So Calvin looked outside himself.



"Faith must of course be sincere. It must be a faith that performs good works through love. If faith lacks love it is not true faith. Thus the Apostle bars the way of hypocrites to the kingdom of Christ on all sides. He declares on the one hand, "In Christ Jesus circumcision availeth nothing," i.e., works avail nothing, but faith alone, and that without any merit whatever, avails before God. On the other hand, the Apostle declares that without fruits faith serves no purpose. To think, "If faith justifies without works, let us work nothing," is to despise the grace of God. Idle faith is not justifying faith. In this terse manner Paul presents the whole life of a Christian. Inwardly it consists in faith towards God, outwardly in love towards our fellow-men." (Martin Luther, Commentary on Galatians, on verse 5:6)

Thus Luther looked inside himself at times.

LPC said...

JK,

This the Lord of the universe who says to you - this IS my body given for you. Was he saying the truth? Or was he just playing with words?

Just think, Jesus was incarnate and he was on this earth. Did his divinity get confined to where he was only i.e. just in Palestine?

Secondly this is the resurrected Christ. Our Christianity (Lutheran view) does not say that God can be found anywhere, we specifically confess, He is found where he says he is to be found - in the Supper, in Baptism in the Word of God.

This is our concept of means of grace. Our concept of means of grace is always objective, this is where God comes down to us. For this reason, we do not view prayer to be a means of grace unlike the Puritans, because it is not objective, it is subjective.

LPC

LPC said...

JK.

Luther looked inside himself at times

Could you give examples of this?

Luther when he was assailed by doubts if he was a Christian or did he have faith, looked to his Baptism. See Cary's article below

http://www.scribd.com/doc/2215011/Luther-and-Calvin


Notice he did not say - but I have faith, I had a conversion experience, I got "born again". None of these.

I would agree Luther spoke about his experience of finding the Gospel, however, he pointed outside himself for assurance.

Where did we get the term Extra Nos in the first place?

LPC

Dawn K said...

"Can Christ in His physical body be in more than one place at the same time? If you hold that He can, do you not hold that He is not incarnate in the same form of body as we are?"

Christ is 100% God and 100% man. How is this possible? I have no idea. The Scripture says that Christ ascended to fill the whole universe, and it also teaches that in Christ all the fullness of the Deity still lives in bodily form. How is this possible? I have no idea. The answer is not to affirm one and deny the other. When we start trying to understand HOW things are possible that's where we can fall into all sorts of errors.

Dawn

J. K. Jones said...

LP, Luther looked within himself in the same way you accuse Calvin of looking within himself: he insisted on works as a fruit of justification. Calvin is being misrepresented in much of the dicussion above.

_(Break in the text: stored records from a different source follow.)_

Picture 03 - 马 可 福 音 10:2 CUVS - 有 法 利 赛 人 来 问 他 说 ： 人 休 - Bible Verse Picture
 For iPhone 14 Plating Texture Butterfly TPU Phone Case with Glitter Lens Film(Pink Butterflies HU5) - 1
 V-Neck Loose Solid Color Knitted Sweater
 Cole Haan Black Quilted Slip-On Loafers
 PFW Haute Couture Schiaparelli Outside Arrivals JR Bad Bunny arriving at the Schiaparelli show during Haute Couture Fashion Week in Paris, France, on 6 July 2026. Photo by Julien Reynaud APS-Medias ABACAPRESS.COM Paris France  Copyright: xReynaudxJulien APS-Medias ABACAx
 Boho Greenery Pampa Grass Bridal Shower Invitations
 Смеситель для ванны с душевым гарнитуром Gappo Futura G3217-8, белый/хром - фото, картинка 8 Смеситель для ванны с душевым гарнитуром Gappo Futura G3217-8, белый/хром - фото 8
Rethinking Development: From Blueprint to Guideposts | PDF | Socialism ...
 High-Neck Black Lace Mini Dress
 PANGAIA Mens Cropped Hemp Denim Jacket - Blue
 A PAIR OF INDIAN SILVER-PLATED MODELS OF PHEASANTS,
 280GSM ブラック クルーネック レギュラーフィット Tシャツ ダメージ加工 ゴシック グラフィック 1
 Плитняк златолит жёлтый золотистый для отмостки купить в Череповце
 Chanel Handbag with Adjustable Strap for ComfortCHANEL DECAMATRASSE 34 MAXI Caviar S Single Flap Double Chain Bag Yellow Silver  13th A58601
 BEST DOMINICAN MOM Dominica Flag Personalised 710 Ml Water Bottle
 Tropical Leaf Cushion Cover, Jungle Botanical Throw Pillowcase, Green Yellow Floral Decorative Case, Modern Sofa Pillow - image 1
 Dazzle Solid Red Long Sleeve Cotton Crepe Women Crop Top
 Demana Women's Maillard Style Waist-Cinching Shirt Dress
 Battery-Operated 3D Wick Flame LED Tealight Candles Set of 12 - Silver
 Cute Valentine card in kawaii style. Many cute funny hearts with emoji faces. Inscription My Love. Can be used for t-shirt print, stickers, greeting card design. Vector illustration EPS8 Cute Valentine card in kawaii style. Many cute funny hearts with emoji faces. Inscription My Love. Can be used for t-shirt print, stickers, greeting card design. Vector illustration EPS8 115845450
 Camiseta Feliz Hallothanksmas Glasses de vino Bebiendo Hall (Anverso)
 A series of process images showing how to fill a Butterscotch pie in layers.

Dawn K, God's Word does employ logic (if-then as in Matthew 16:3; see also the strings of logical argument given in Romans). In fact, "God is not the author of confusion..." (1 Cor. 14:33). We should try to understand what the Bible says to the extent that we can.

Is it a flat contradiction that Christ has two natures? Is it a flat contradiction that God is one in being but three in person?

Is contradition the "hallmark of truth" as some would have it?

J. K. Jones said...

Dawn K, please also provide the scripture reference that Christ in His bodily form fills the whole universe. I don't recall ahving read that verse, and it is pivotal.

Drew Lomax said...

Amen, Dawn!

L.P.

I tend to agree with Krauth's position which states Anglicanism, as the source of Americas "diverse" religious landscape.

Check out my little blurb and his quote at my blog:

http://fromonewecanjudgetherest.blogspot.com/search/label/C.%20P.%20Krauth

What do you think?

Drew

joel in ga said...

Calvinist preachers cannot say to a potential convert, Christ loves you and died for you. They cannot say to a new convert, Your sins have been washed away in baptism. Calvinist pastors do not tell their flocks, I forgive your sins in Christ's name, or, You have received Christ's very Body and Blood in this Sacrament. It is for such reasons as these that I see Calvinism as something less than the Gospel.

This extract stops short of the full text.